Number One: Try to get to your boss right away. Couple things could happen. It’s possible your boss has encountered this situation before and they might have a solution for you to make it go away or perhaps it’s not the big deal you think it is. A made an $80K mistake on a bid once and I was sick about it. However, when I went to my boss with my tail between my legs, he told me it wasn’t a big deal and had I not made that mistake, we wouldn’t have won the bid. What actually happened is because we were low bidder, we were able to negotiate with the customer, recover from the error and keep the business. What you don’t want is your coworkers or customers filling in your boss before you do. The boss is caught off guard and they are not getting your version of the story and they are likely getting ticked off. The minute you are made aware of your error, you need to get face time with your boss immediately. If need be, call him or her on the phone to explain. Own your mistake…do not start pointing fingers or making light of the situation. A lack of accountability on your part is the quickest way to lose your boss’s trust. Put your big boy or big girl pants on, own up to it and explain. If at all possible, if the immediate problem is still unresolved try to present some solutions to fix it.

Number 2: Show them that you’ve already put a system in place so it never happens again. Say you missed a deadline, show them that you put together a system in your calendar so you get pop up reminders so you can’t forget. In my story about the bid, even though it had a happy ending, I explained that I implemented a buddy system so someone else would check over bids before we submit. Sometimes a fresh set of eyes can spot things you missed. Most people are forgiving of a first time mistake. If you can show in no uncertain terms, that you are taking this very seriously and taking steps so it never happens again, your boss will hopefully be ready to move on.
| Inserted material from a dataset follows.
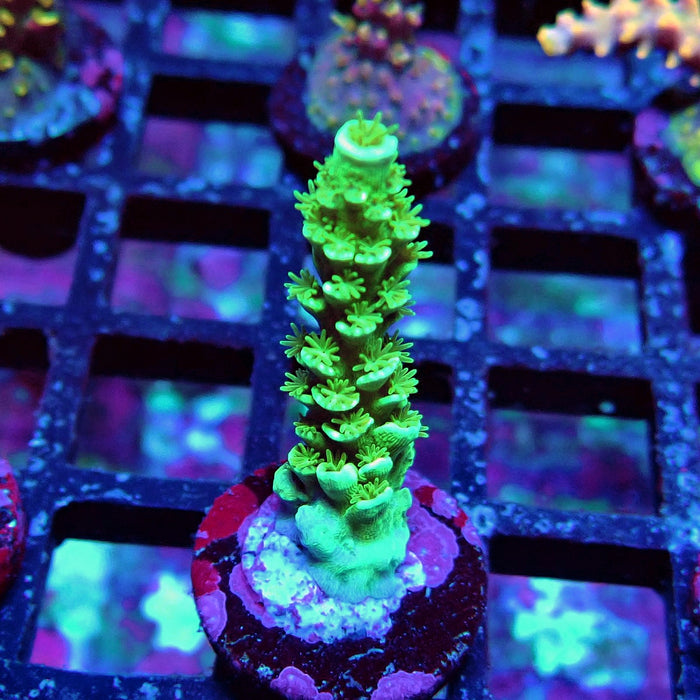 Green Tenuis Acro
Number 3: Reach out to the boss’s favorite. If you have a peer who is respected and recognized as a top performer, try to meet with them. Let them know that you made this mistake and you never want it to happen again. Let them know that you recognize them as a top performer always producing excellent work. Everybody loves to hear that and they’ll be way more inclined to help you. This will hopefully create two possibilties. One, you may receive some vital training, tips or advice from this person that will help you improve. And just as important, this person will likely report to the boss that you seem to be working dilligently to improve which will be music to your boss’s ears.
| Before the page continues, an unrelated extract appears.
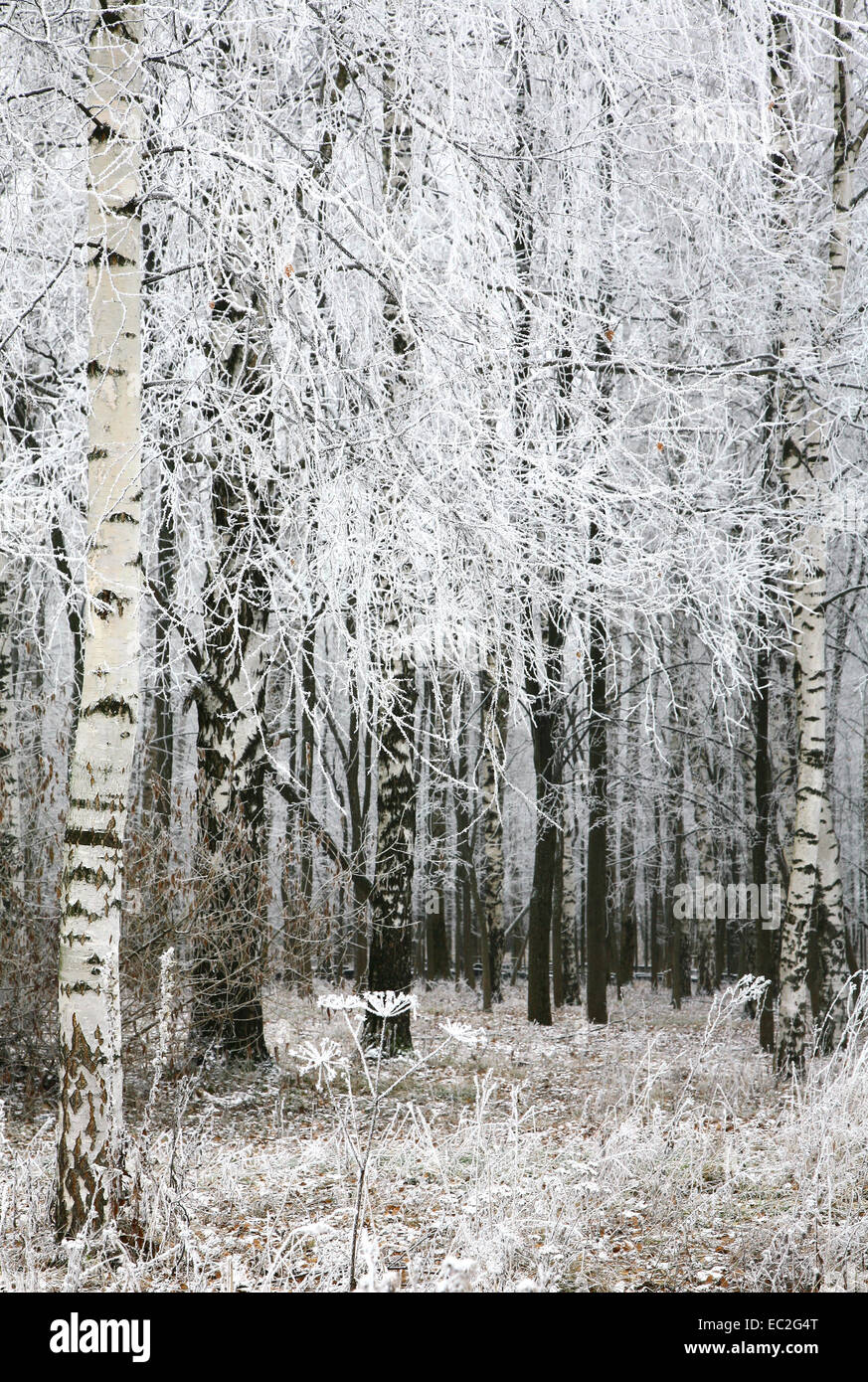 Schnee, Bäume und Rasen im Herbst Stockfoto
Depending on the gravity of your mistake, just know that most employers don’t want to get rid of their employees if they are trying hard to improve. Hiring and training new employees is a pain in the butt, and it costs them money to recruit and recover from lost productivity. Usually the best thing to do, as I stated is own the mistake, show efforts to improve and get your nose to the grindstone and work hard. In no time, your mistake will become a faint memory.